■ **Input records**:
*** Begin section ***
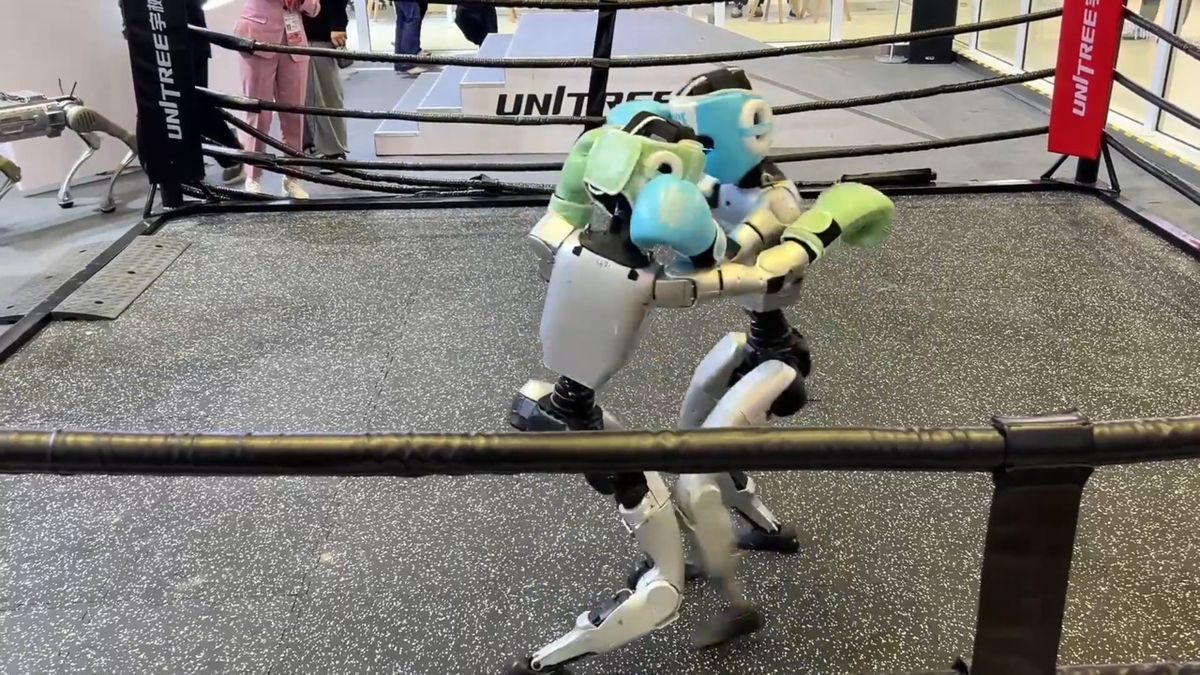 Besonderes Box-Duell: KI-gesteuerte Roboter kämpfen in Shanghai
*** End section ***
*** Begin section ***
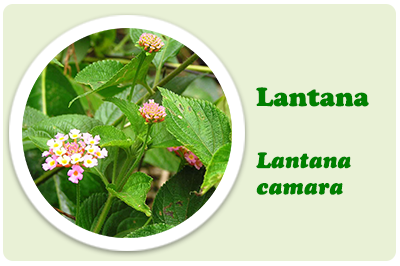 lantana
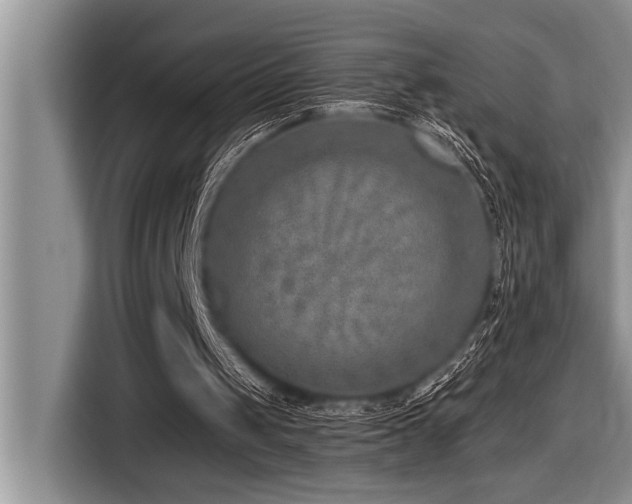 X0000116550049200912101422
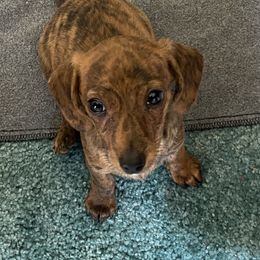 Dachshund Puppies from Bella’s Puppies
*** End section ***
■ **Exercise goal**: Within the entries above, give again exactly the lines starting at the one that contains "X0000116550049200912101422" and ending at the one that contains "Dachshund Puppies from Bella’s Puppies", leaving out the pictures.

■ **Problem solution**:
 X0000116550049200912101422
 Dachshund Puppies from Bella’s Puppies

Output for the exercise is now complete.